SOSP paper on DynamoDB mentions :

“Data is distributed across multiple servers using partitioning, and each partition is further replicated to provide availability. The technique for distributing (aka partitioning) is consistent hashing”.

If you see MongoDB’s online manual:

Sharding is a method to distribute data across multiple different servers. We achieve horizontal scalability through sharding”.

I really don’t see any difference in the implied meaning of these two statements from the literature on two different databases. Both are trying to distribute data to multiple machines and building a scale out database architecture.

Both these databases (and many other NoSQL databases) distribute the data across multiple different machines in a clustered deployment. It is pointless to talk about the strategy used for distributing.

The basic thing to understand is this. Let’s use the word partition for now.

I have a set of data items (records). Each record has a key. I can use this key topartition (distribute) these records into multiple different units. If we talk about Oracle RDBMS, table partitioning has been there for quite some time. Using the partition key, records of a table are sub-divided into 2 or more partitions. These partitions are still in the control of same DB Instance : share the same CPU, memory, I/O, storage resources with other peer partitions and also other non-partitioned tables.

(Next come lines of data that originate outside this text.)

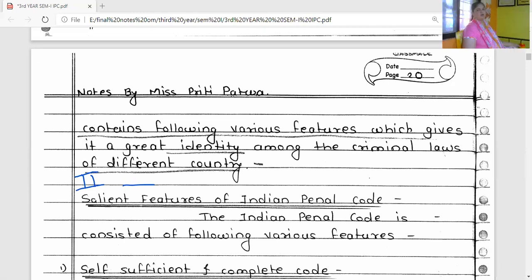The First Law Commission was constituted under the Charter Act of 1833.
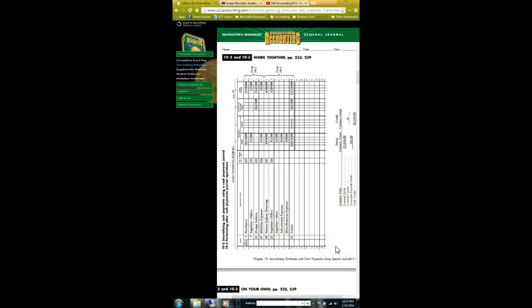Work Together 10-2 is on page 233. It says the cash payments journal for Elite Draperies is given in the working papers. Using the current year, journalize these transactions on page 10 of a cash payments journal. October 1st: purchase merchandise for cash, check number 321. The purchases account is debited for $810, and of course every amount is going to be recorded in the cash credit column.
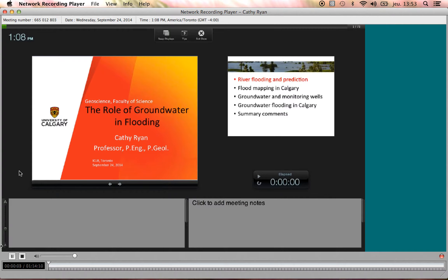Good afternoon, everyone. This is Dan Sinek from ICLR. Thanks very much for joining us and apologies for the technical problems. It doesn't look quite the same as normal on your computer, but hopefully you'll be able to see it well. I understand that we have a lot of people on the line. If for some reason you're not able to join WebEx because we have a limit of 100 people, don't worry because we're recording the session and you'll be able to watch it later. With that, I'll introduce Dr. Kathy Ryan, who's here from University of Calgary to talk to us about groundwater flooding.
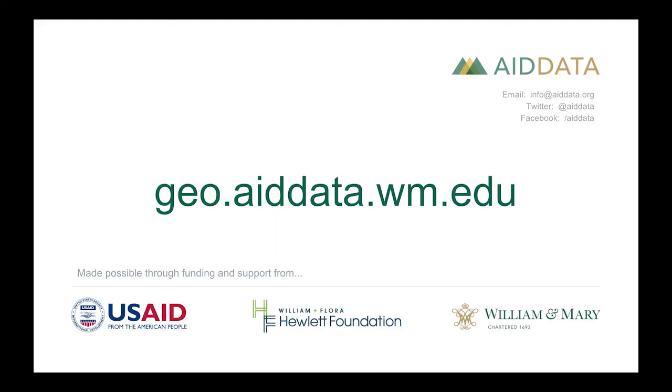Thanks for watching. We hope that GeoQuery helps you do great research. Please email or tweet us if you have any questions.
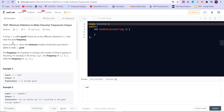A string s is called good if there are no two different characters in s that have the same frequency. Given a string s, return the minimum number of characters you need to delete to make s good. The frequency of a character in a string is the number of times it appears in the string. For example, in this case a appears two times and b appears one time, so these are the frequencies.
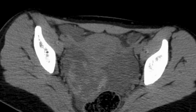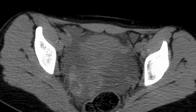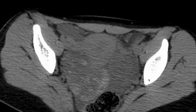Because the ovary is torsed, the pelvis is kind of inflamed — there's some free fluid in the pelvis, probably reactive to what's going on. This is an emergency. OB-GYN needs to be called, and they would need to go in and fix this before the ovary dies from lack of blood flow.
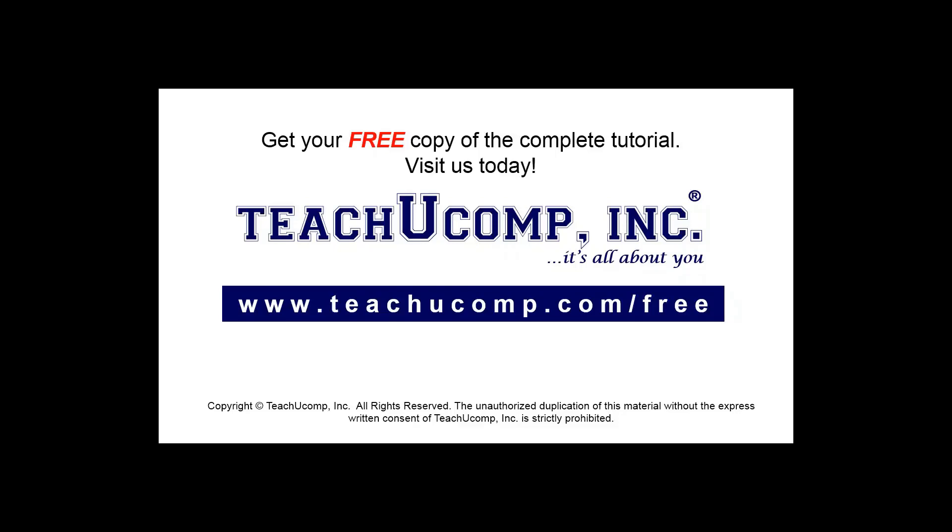Get your free copy of the complete tutorial at www.teachucomp.com/free.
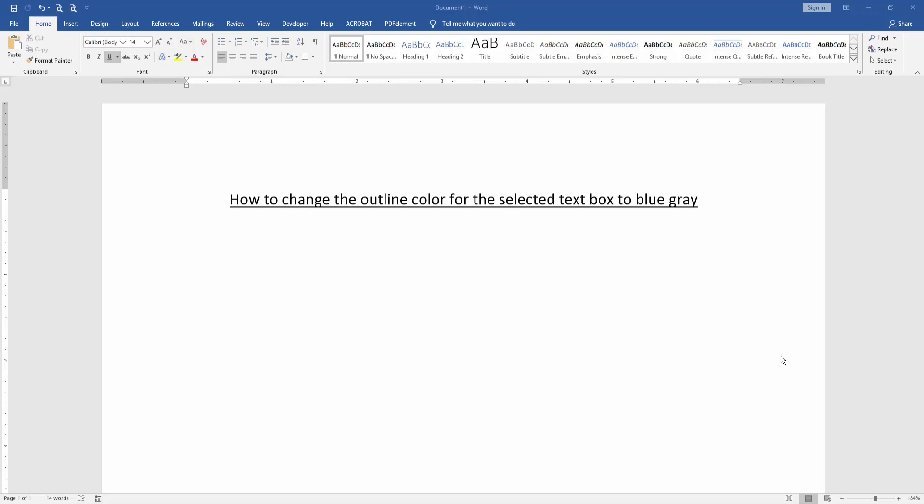Hello friends, welcome back to our new video. In this video, I am going to show you how to change the outline color for the selected text box to blue gray. Let's get started.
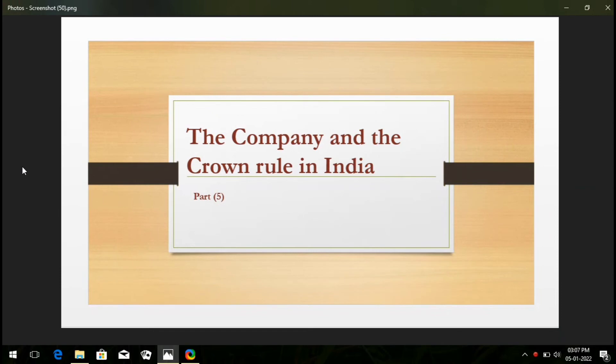Hello friends, how are you? I think you must have been fit and fine. This is Farvech Chaudhary. Again, I welcome all of you once again on this learning platform. First of all, I humbly request all of you to please subscribe the channel if you didn't subscribe yet, and give your precious likes, comments, and share as well. Thank you.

When a query comes, we first determine which partition does the query have its data on. The corresponding partition’s data is then processed to return the results of query. There is no need to touch other partitions.

Oracle supports Hash, Range, and List based partitioning. The purpose of these and many other distribution schemes is simple: given a key for a record, determine the destination partition that it will belong to.

Now let’s talk about sharding. Note that concept of partitioning explained in the context of Oracle had all the partitions under the supervision of same DB instance (hence same physical machine).

It turns out that partitioning across different physical machines/nodes is termed as sharding. Now each partition sits on an entirely different physical machine, and thus in a different schema and under the control of a separate database instance. This is what is done in MongoDB. The approaches to distribute data across multiple machines are hash and range.

Similarly this is what is also done in DynamoDB and Cassandra where the distribution technique is Consistent hashing.

This difference between sharding and partitioning is acceptable -

sharding is distribution or partition of data across multiple different machines whereas partitioning is distribution of data on the same machine”.

I would personally want to go with this difference although nothing really prevents from saying “sharding is partitioning across different machines”.

Both have to work with a distribution key. Now we can call it as “shard key” or “partition key”. It does not really matter. In fact MongoDB’s documentation uses both “partitioning” and “sharding” terms. DynamoDB and Cassandra only use “partitioning” term.

In Oracle RAC, we can partition the data across multiple instances. A table T when stored in a RAC environment can be hash partitioned (using the hash value of partition key) across the RAC nodes. The hash value will determine which node the key (and its record) will go to. Going by the definition of sharding, what we can do in RAC is kind of related to sharding but we call it as partitioning. Again an overlap.

There is one key difference. RAC is _not_ a shared nothing architecture. It is _not_ a shared everything architecture as well. It is shared disk architecture, and that is why I think sharding is not the right term to use here although the data is still getting distributed across different physical nodes.

This is the reason why sharding is related to shared nothing architecture where we distribute/partition data across multiple different nodes, and nodes do not share any type of resources. This is the key difference to understand.